## [SUPPLIED DATA]
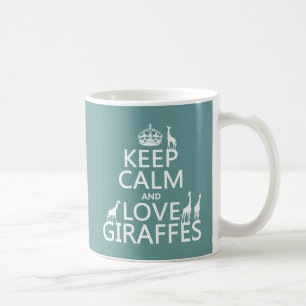 Keep Calm and Love Giraffes (any colour) Coffee Mug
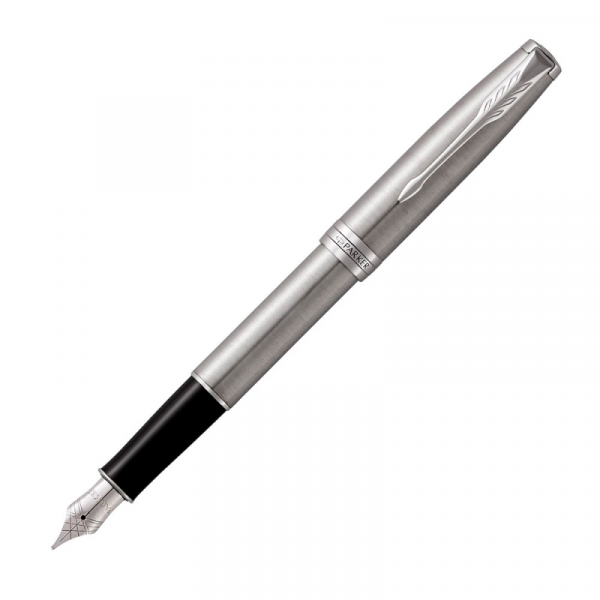 Ручка перьевая F Parker Sonnet Core Stainless Steel CT метал., подарочн. упак., серебристый, патрон черный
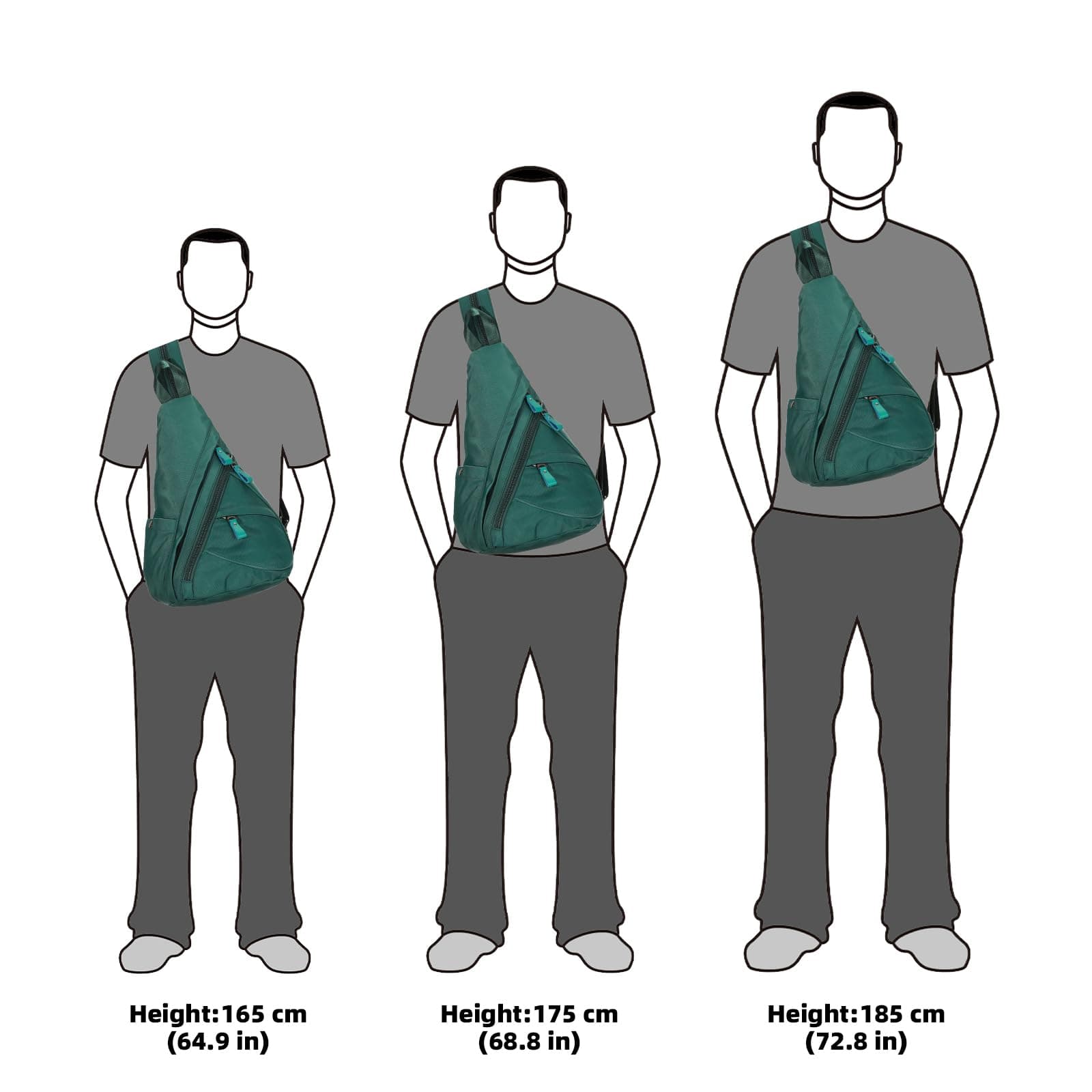 KL928 Nylon Sling Bag - Small Crossbody Backpack Shoulder Casual Daypack Multipurpose Rucksack for Men Women(Atrovirens)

## [YOUR ASSIGNMENT]
The response has to be an exact copy of all the data, pictures excluded.

## [EXERCISE OUTPUT]
 Keep Calm and Love Giraffes (any colour) Coffee Mug
 Ручка перьевая F Parker Sonnet Core Stainless Steel CT метал., подарочн. упак., серебристый, патрон черный
 KL928 Nylon Sling Bag - Small Crossbody Backpack Shoulder Casual Daypack Multipurpose Rucksack for Men Women(Atrovirens)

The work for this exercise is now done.